The future disco queen Donna Summer was born Donna Adrian Gaines on December 31, 1948 in Boston, Massachusetts. It seems that singing was an inborn passion for the young Donna, who eventually got her chance to show her talents by singing for their local church.
During her high school days, Summer became popular as she was taking part in several school musicals. Just weeks prior to her graduation, she moved to New York where she eventually auditioned for the musical Hair. She was then assigned to the musical’s German production, and after receiving her parents’ reluctant permission, she flew to Germany.
In addition to starring in Hair in Germany, she participated in other musical productions as well as embarked on a recording career there. She had learned to speak German fluently. In 1973, she married Austrian actor Helmuth Sommer but their relationship didn’t last long. She had her stage name by keeping her ex-husband’s last name and then Anglicized it into “Summer.”
On the way to becoming a disco superstar
Still in Europe, Summer released her debut album, Lady Of The Night in 1974. It was a pop/rock/folk offering was still far from the genre she became famous for. It went unnoticed. The following year she recorded the single she herself wrote “Love to Love You Baby,” which was released on her new label Casablanca Records. It became the title track of her second album (1975), and the final album version ran on almost 17 minutes long, which was quite unprecedented. As expected, the single version was clocked on only over three minutes. The records’ simulated orgasm left some radio stations initially refusing in playing it. Despite this, “Love to Love You Baby” climbed to the Hot 100 charts, peaking at #2 there and topping the dance charts in 1975.
Since then, success continued to roll for the singer, who was slowly building her fame in the disco circles. The next album A Love Trilogy (1976) also became successful, as did Four Seasons of Love later that year, with both albums becoming gold. She again scored another Top 10 pop hit single “I Feel Love,” from her 1977 I Remember Yesterday. It went to #6 on the pop chart, while it topped the UK singles chart. It peaked as high as #3 on the dance chart as well.

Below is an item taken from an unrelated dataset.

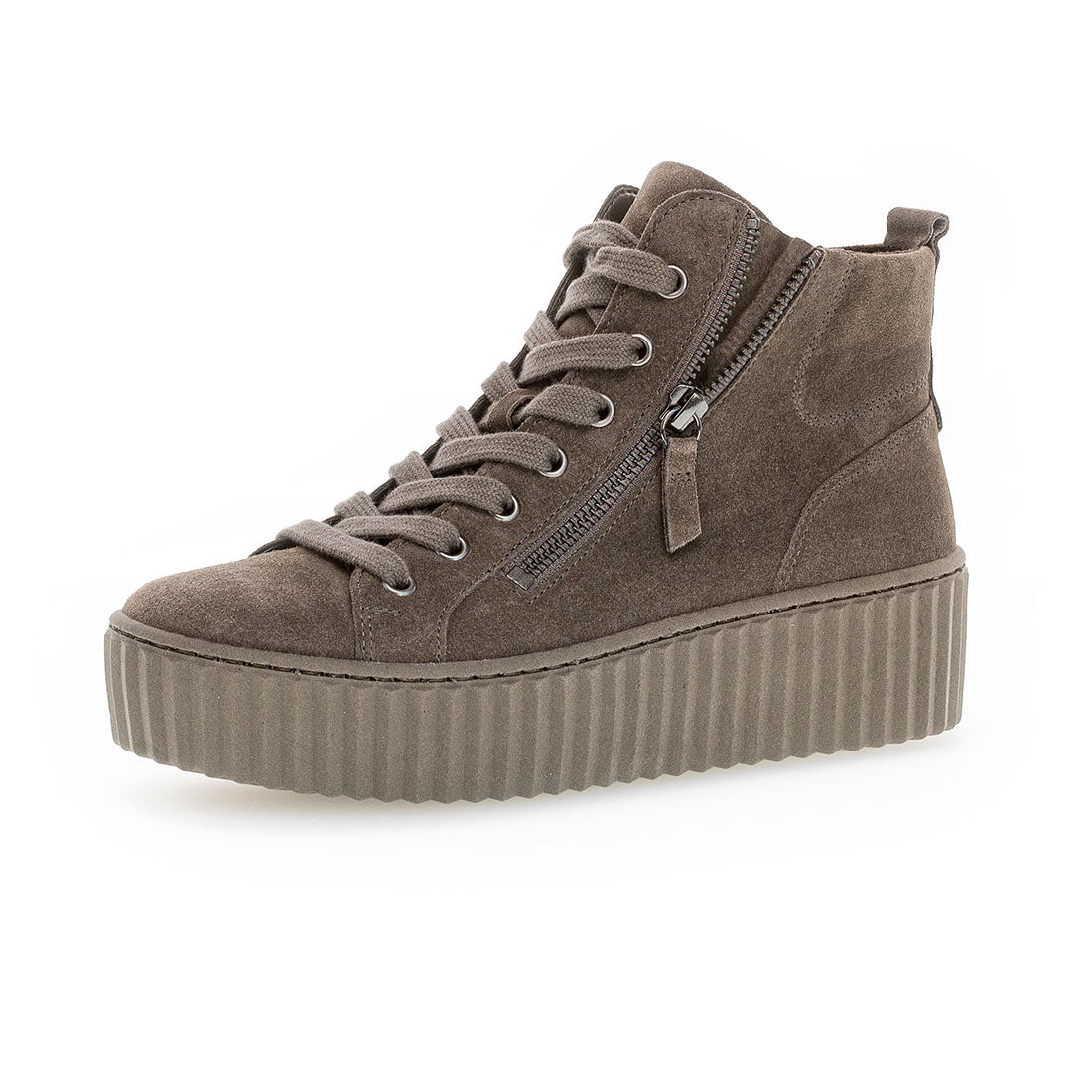 GABOR Brown (tartufo) suede laces+zipper,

Later career, death, and legendary status as Queen of Disco
Summer reached the peak of her success toward the end of the 1970s. In 1978, she scored more hits with “MacArthur Park” (at #1, 1978) and “Last Dance” (at #3, 1978) both of which came from the album Live and More. “Last Dance” won the Oscar for Best Original Song.

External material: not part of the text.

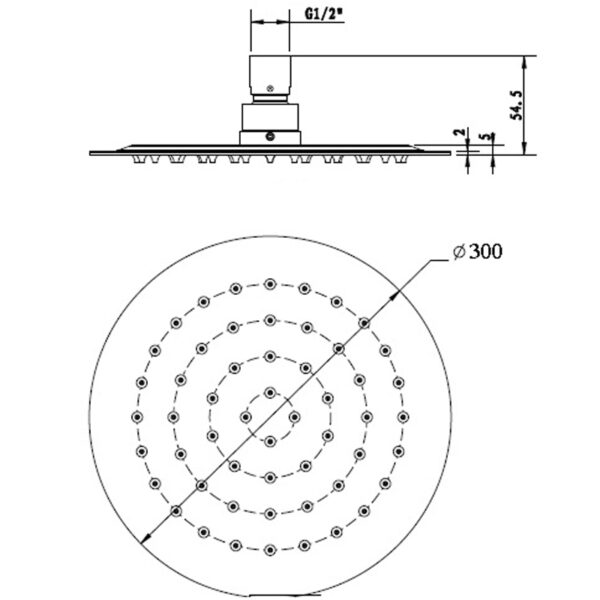 RABANA OVERHEAD SHOWER 200/250/300MM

In 1979, Summer released her eighth album Bad Girls, which became her most commercially successful album yet. It yielded two #1 singles “Hot Stuff” and the title track. Bad Girls went to #1 on both pop and R&B singles charts, going triple platinum. To cap the decade on perfect note, Summer released the chart-topping compilation album On The Radio: Greatest Hits Volumes I & II.

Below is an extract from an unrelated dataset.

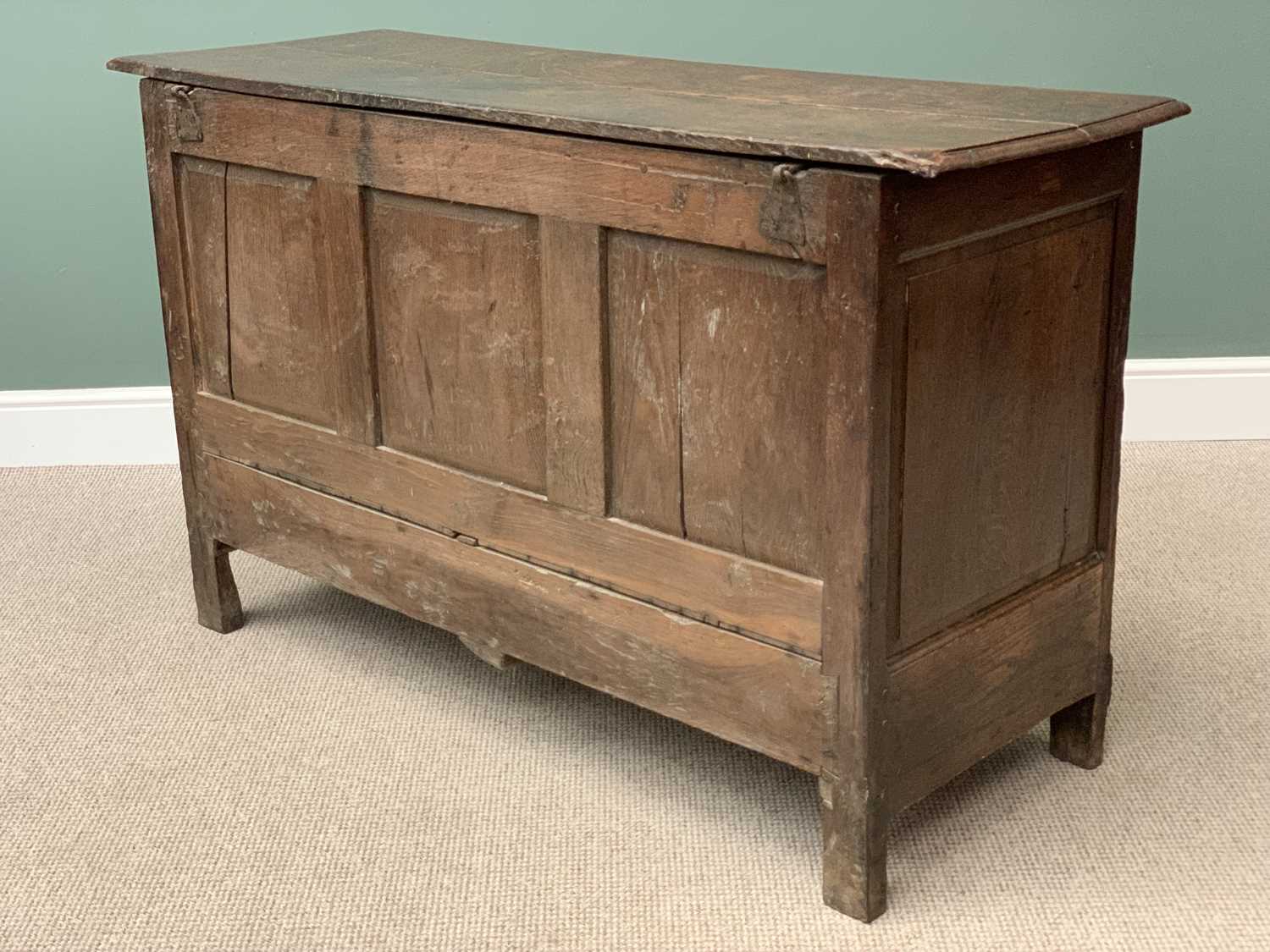 19th CENTURY OAK MULE CHEST with three fielded panels to the front and two base drawers, 92cms H, - Image 4 of 5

In the early 1980s, Summer temporarily went out of her usual disco repertoire to release The Wanderer (1980), and her self-titled 1982 album, which were more R&B. She ventured back into the dance territory again with the single “She Works Hard for the Money,” the title track of her 1983 album. It went to #3 on the pop chart and #1 on the R&B singles chart, and became rather a feminist anthem.
Towards the end of 1980s, Summer’s star was beginning to lose its luster, although she continued to be popular in Europe. In 1989 she released her 15th studio albumAnother Place and Time which yielded her final Top 10 hit on the Hot 100, “This Time I Know It’s For Real.”
During the mid-1980s, Summer became embroiled in a controversy for allegedly making homophobic remarks and saying that AIDS is a punishment from God upon the homosexuals for their immoral lifestyles. Summer vehemently denied this, and filed a lawsuit against the magazine for libel; the case was then settled out of court although both parties had refused to make public statements regarding about it. She then went on to release two more little-known albums Mistaken Identity (1991) andChristmas Spirit (1994) before releasing Crayons (2008) which became her strongest record in about 25 years. Sadly, it was to be her last studio album.
After a long battle with cancer, Donna Summer died on May 17, 2012 in Naples, Florida. The following year she was posthumously inducted into the Rock and Roll Hall of Fame. She may be gone, but her continued reign as the Queen of Disco will forever remain in the hearts of fans and the people who have been influenced by her music and legacy.